Among the records below, find the line that has "Wooden Serving Bowl | Multiple Colors"; from there, give the lines again exactly, and stop after the line that has "Panana Sofa Suite".

MATERIAL SUPPLIED:
==*==

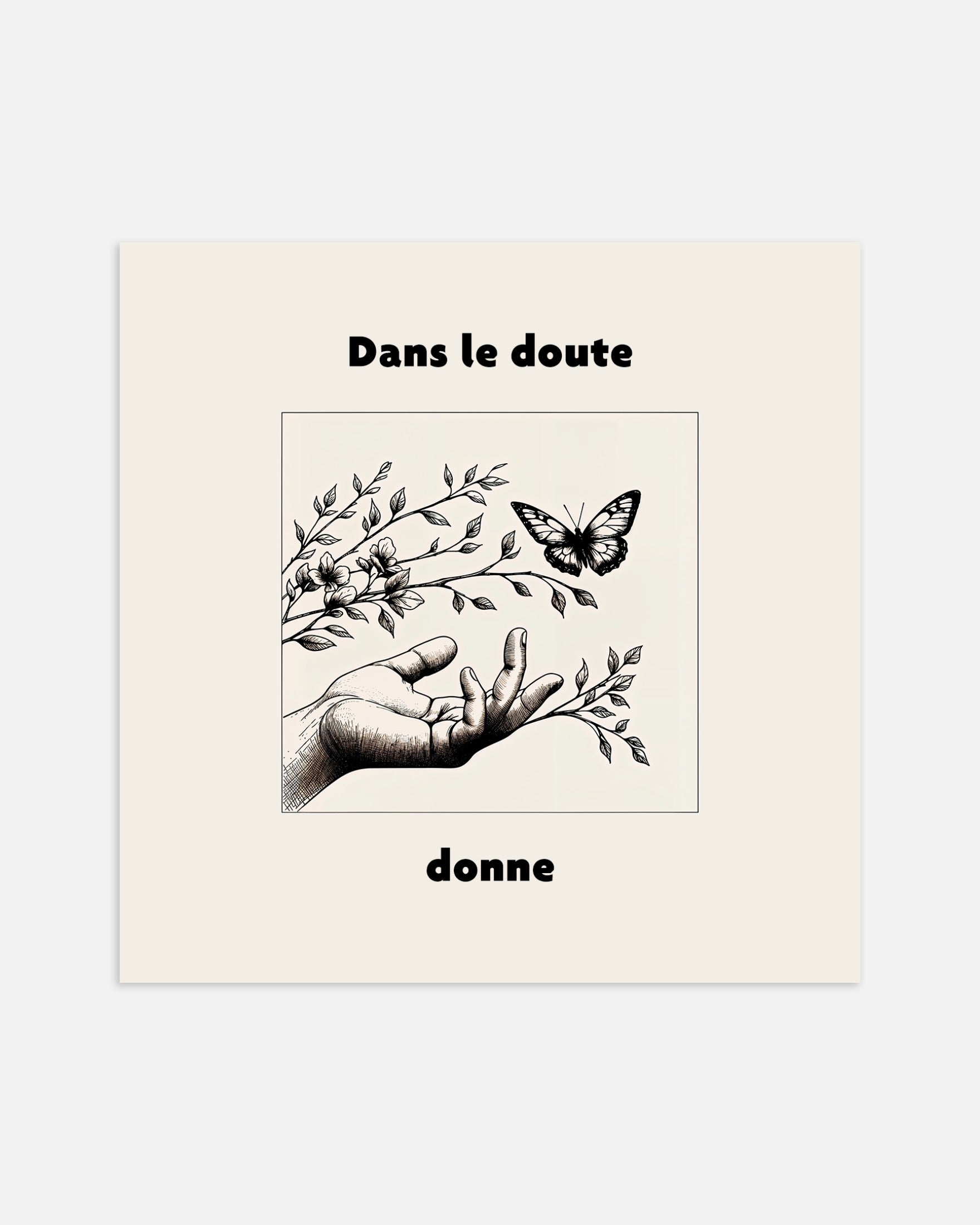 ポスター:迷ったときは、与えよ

==*==

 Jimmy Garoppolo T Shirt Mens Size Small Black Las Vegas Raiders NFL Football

==*==

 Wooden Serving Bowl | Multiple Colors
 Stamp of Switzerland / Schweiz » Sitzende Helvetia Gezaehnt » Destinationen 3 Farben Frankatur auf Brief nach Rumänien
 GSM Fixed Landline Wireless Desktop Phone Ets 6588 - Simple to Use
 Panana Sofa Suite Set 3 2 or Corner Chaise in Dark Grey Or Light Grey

==*==

SOLUTION TO THIS PROBLEM:
 Wooden Serving Bowl | Multiple Colors
 Stamp of Switzerland / Schweiz » Sitzende Helvetia Gezaehnt » Destinationen 3 Farben Frankatur auf Brief nach Rumänien
 GSM Fixed Landline Wireless Desktop Phone Ets 6588 - Simple to Use
 Panana Sofa Suite Set 3 2 or Corner Chaise in Dark Grey Or Light Grey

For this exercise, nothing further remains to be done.